February has been a month of deaths and births. This new calf, Valentine, was born on 13th Feb. We have our own milk again after a gap of two months. Little boy Vikas has come to visit his grandfather Nagu.
Lali, aged 16, was attacked and knocked over by Valentine’s mother Arti. She couldn’t get up. After two days we raised her in this contraption to let the blood circulate in her legs and we called the vet. She unexpectdly died in the night. Gauri, who is 19, and who has been on her last legs for three years, is in the background of this photo.
These are the men who work for the contractor with the authority to collect and dispose of dead animals. They are called Sathiyas, and considered so low in the social order that even sweepers will not eat with them. They live in small shelters, and it is rumoured that they cook and eat beef. As they do not send their children to school, there is little sign of them being integrated into mainstream society.

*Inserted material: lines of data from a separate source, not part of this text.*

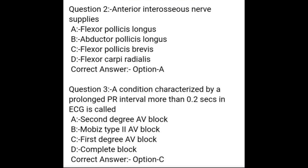Question 3. A condition characterized by a prolonged PR interval of more than 0.12 seconds on ECG is called: A. Second degree AV block, B. Mobitz type II AV block, C. First degree AV block, D. Complete block. Correct answer: Option C — First degree AV block.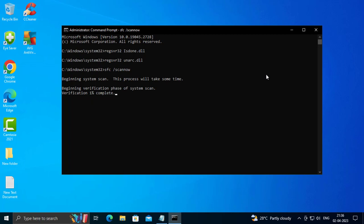Begin verification phase of system scan. Verification needs to complete 100%. After completing 100%, go ahead and restart your PC. Hopefully I resolved your problem. Thanks for watching my video, give me a thumbs up, and goodbye.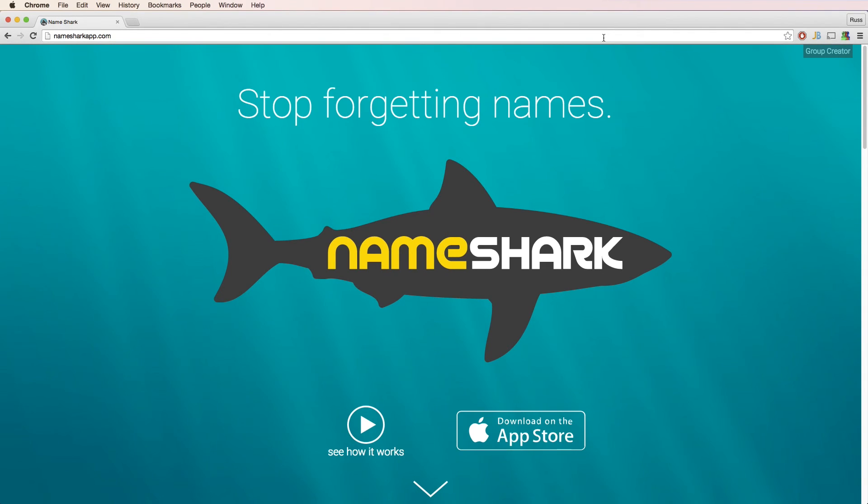Thanks for watching this tutorial, and thank you especially for using NameShark. If you have any questions or feedback, please email support at awesomegeekness.com. Thanks!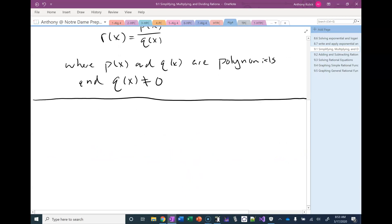Most students in this class don't feel very comfortable working with fractions, but it's a critically important skill. The more comfortable you are dealing with fractions, the easier this chapter is going to go. So I'm just going to start today by reviewing how we do some basic operations with fractions, because the operations we're going to do with rational expressions are natural extensions of how we dealt with fractions.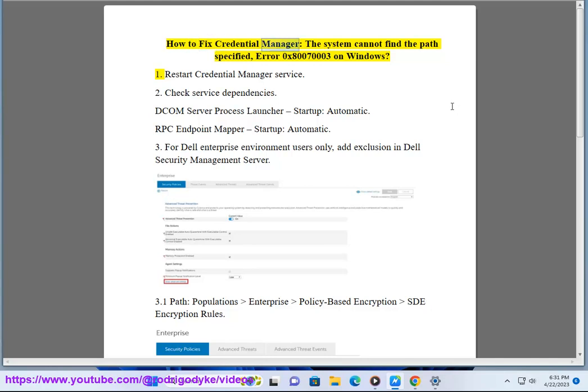How to fix Credential Manager. The system cannot find the path specified. Error 0x80070003 on Windows.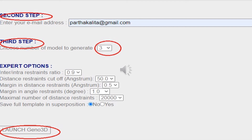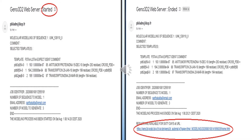There are some expert options, but you don't have to change anything there. Directly go to the 'Launch Xeno 3D' option and click it. In the next step, you will see your results in your email ID. After clicking the Launch Xeno 3D button, you will immediately receive one email stating that your Xeno 3D web server has started, meaning the program has begun.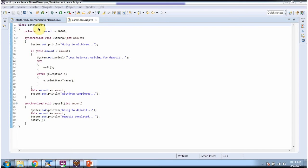Here you can see the BankAccount class which I have just explained. It has two synchronized methods. The first one is withdraw, and the second one is deposit.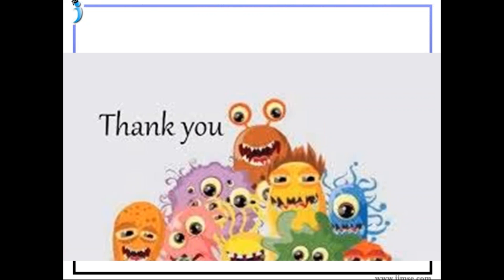Thanks for your patient listening and patient answering. Have a nice day. Thank you so much. Thank you ma'am.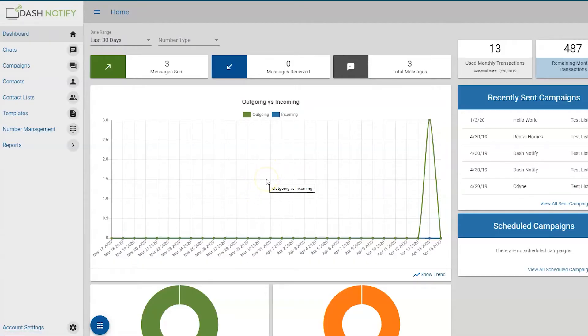Welcome to CDION's Dash Notify Online Tutorials. In this lesson, we're going to walk through how number management works.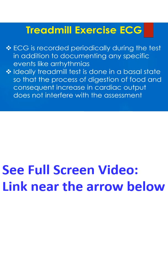ECG is recorded periodically during the test in addition to documenting any specific events like arrhythmias. Ideally, treadmill test is done in a basal state so that the process of digestion of food and consequent increase in cardiac output does not interfere with the assessment.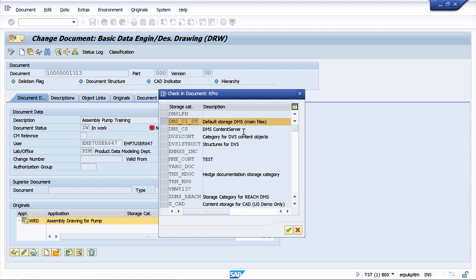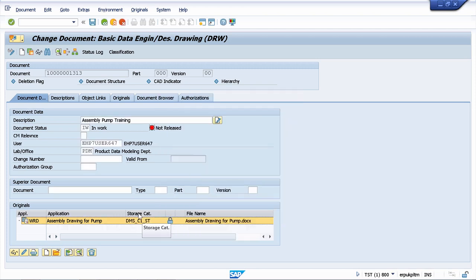In this way, you can store a large number of documents without affecting the system's performance. We will go later in this course over different customizing that can be done on the storage category, so we can control where this document is stored and in which table this document information record will be saved.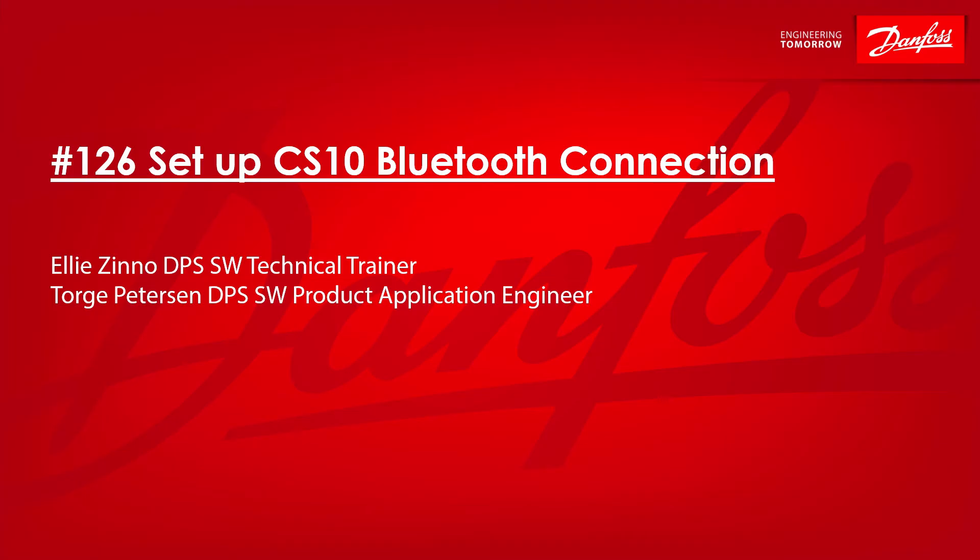Hi, and welcome to another video from the Danfoss Plus One software channel. If you need help with Plus One software, you're in the right place. My name is Ellie Zinno, and I'm a technical trainer here at Danfoss.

By contrast, here is a man who has also not been to school but who is making a good earning for himself by private enterprise. He is an illiterate Muslim, but has a mobile phone on vibrate in his pocket and uses it for calculations competently. He bought Rs. 500 worth of scrap metal, bottles and newspapers from us and we bought six of his tea cups for Rs.30.
And lastly, here is Misty with her five pups - four male and one female - which were born on 23rd Feb. This picture was taken by a Canadian student, Gabriel Ellison-Scowcroft.
On the Farm - January ’12
January is a spectacular month with misty sunrises and fluorescent yellow mustard fields surrounding the house.
We had good rain on December 31st, which delayed the need to water our wheat by two weeks. We built a worm bed using bricks without mortar this time for our vermicompost for the vegetables. It is filled with layers of chaff and cow dung and watered daily. The experimental wheat can be seen in the background to the left of the mustard; one–half of this wheat sown with DAP chemical fertiliser mysteriously produced a good crop of mustard as well as the wheat. We can only assume that the DAP had been left over from the mustard sowing and contained the tiny black seeds. The mustard had to be hand weeded out.
These children were given four days off school by the district Collector as he judged the unheated classrooms were too cold for the pupils. During their holidays they chose to join their relatives in the sunny fields, weeding out the mustard from the wheat field – no forced child labour this.
Tigger, our male dog, was attacked by two stray dogs this year and is confined to the house while his wounds heal. He wears a blue bucket contraption around his neck to stop him from licking the medicine from his wounds (also see January ’11 archive). Misty is expecting her first puppies on February 25th. They will be ¾ Fox Terrier and ¼ German Shepherd.
An innovation by our electricity board to cut delivery costs is this hand held ‘spot billing machine.’ The meter reader taps in the reading and the bill emerges like an old–fashioned bus ticket, only longer. An estimated meter reading is issued if the meter reader cannot reach the meter in the fields because he did not bring his ladder, or if there is a power cut at the time which means the digital meter is out. Indeed there is the possibility of an understanding with the farmer to underestimate till after the harvest.